File Photo: Indian Army’s T-90 tanks during the Republic Day parade in New Delhi.

New Delhi: India’s Ministry of Defence today signed a Rs 20,000 crore (Rs 200 billion/$2.8 billion) contract with the state-run Ordnance Factory Board (OFB) to licence-build 464 additional T-90S main battle tanks for the Indian Army. The indent for the 464 of these tanks were issued to the OFB in May.

Under the deal, the Avadi-based Heavy Vehicles Factory (HVF) in India’s southern state of Tamil Nadu, would deliver the Russian-origin battle tanks, with night fighting capabilities, in five years. The first of these additional T-90s will be delivered in less than three years from now.

The Indian Army already has around 1,070 T-90 tanks, apart from 124 ‘Arjun’ and 2,400 older T-72 tanks in its 67 armoured regiments. After the first 657 T-90 tanks were imported for Rs 8,525 crore ($1.2 billion) from Russia from 2001 onwards, another 1,000 are being progressively licenced and produced by HVF with Russian kits.

The fresh contract is part of a series of earlier contracts agreed upon with the HVF in 2006-07 to licence-build 1,000 T-90Ss – designated ‘Bhishma’ in Indian Army service – under a transfer of technology agreement signed with Russia.

The programme has faced recurring technological problems for several years, especially with regard to the tank’s 125-mm smoothbore gun barrel, which has resulted in extended delays and cost overruns. However, these glitches have now been resolved, with the latest order for 464 T-90S tanks meant to complete the previous agreement with HVF for the licensed production of 1,000 of these platforms.

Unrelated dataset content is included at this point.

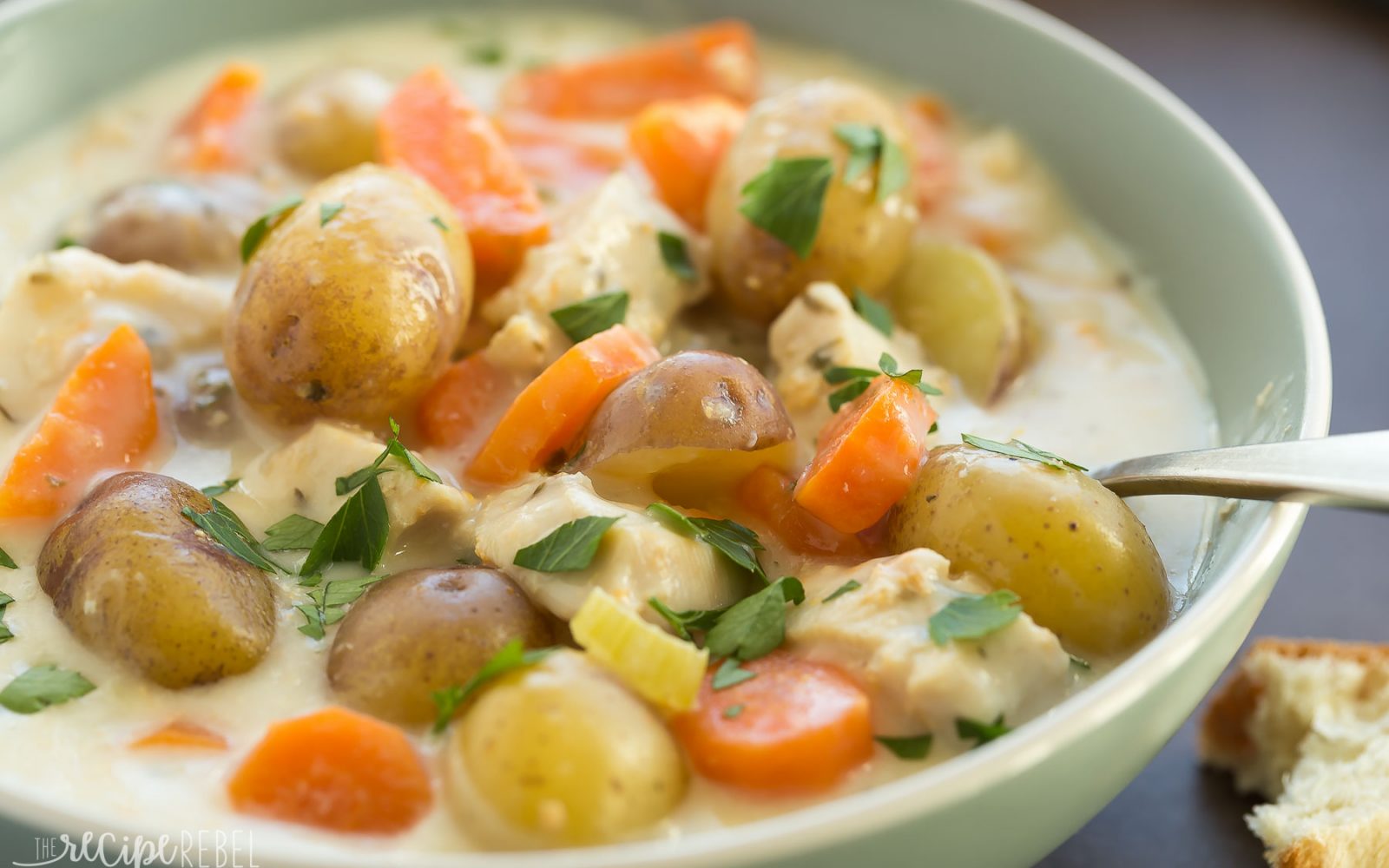 Slow Cooker Garlic Parmesan Chicken Stew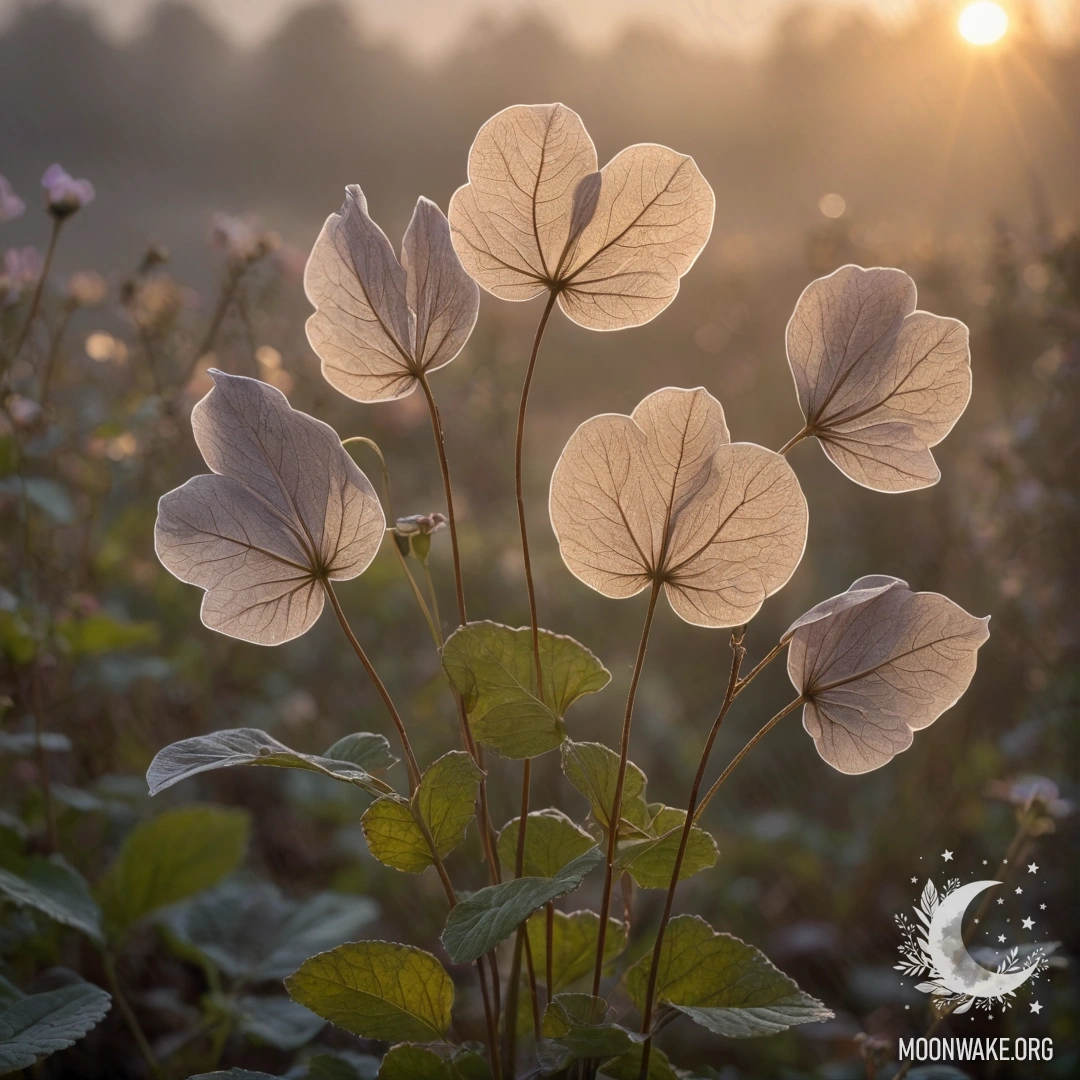 A delicate chamomile flower illuminated by soft night light and decorated with rhinestones, in hues of olive.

The recently signed agreement is separate from the planned Rs 134.48 billion ($1.8 billion) acquisition of an equal number of T-90MS tanks, all of which would be imported in kit form from Russian tank manufacturer UralVagonZavod (UVZ) for assembly by the HVF.

India’s Cabinet Committee on Security approved the T-90MS procurement in April, but the contract is yet to be signed. The planned T-90MS acquisition also featured in discussions held in early November in Moscow during a meeting of the ninth India-Russia Inter-Governmental Commission on Military and Technical Cooperation, but no deal has yet been reached.

The fresh contract comes at a time when the 1.3-million strong Indian Army is also re-formatting its entire war-fighting machinery and the “Cold Start” or “Pro-Active Strategy”, which envisages fast mobilisation to strike hard across the border with multiple offensive thrusts.

This task will primarily be carried out by restructured and agile Integrated Battle Groups (IBGs) centred around the T-90S tanks, along with a mix of infantry, artillery, air defence, signals and engineers, backed by attack helicopters.

The Army’s new Land Warfare Doctrine itself notes that the “response along the western front will be sharp and swift, with the aim to destroy the adversary’s centre of gravity and secure spatial gains”. Army chief General Bipin Rawat in January had announced the new IBGs would be war-gamed in February and then tested in an exercise in May.

India has already procured additional laser-guided Invar missiles and 125mm APFSDS (Armour-Piercing Fin-Stabilised Discarding Sabot) ammunition for its T-90 tanks. But the Army’s Future Ready Combat Vehicle (FRCV) project, with an initial quantity of 1,770 tanks to be produced and inducted by 2028 under the Strategic Partnership policy of the Defence Procurement Procedure to replace the older T-72 tanks, however, is yet to take off.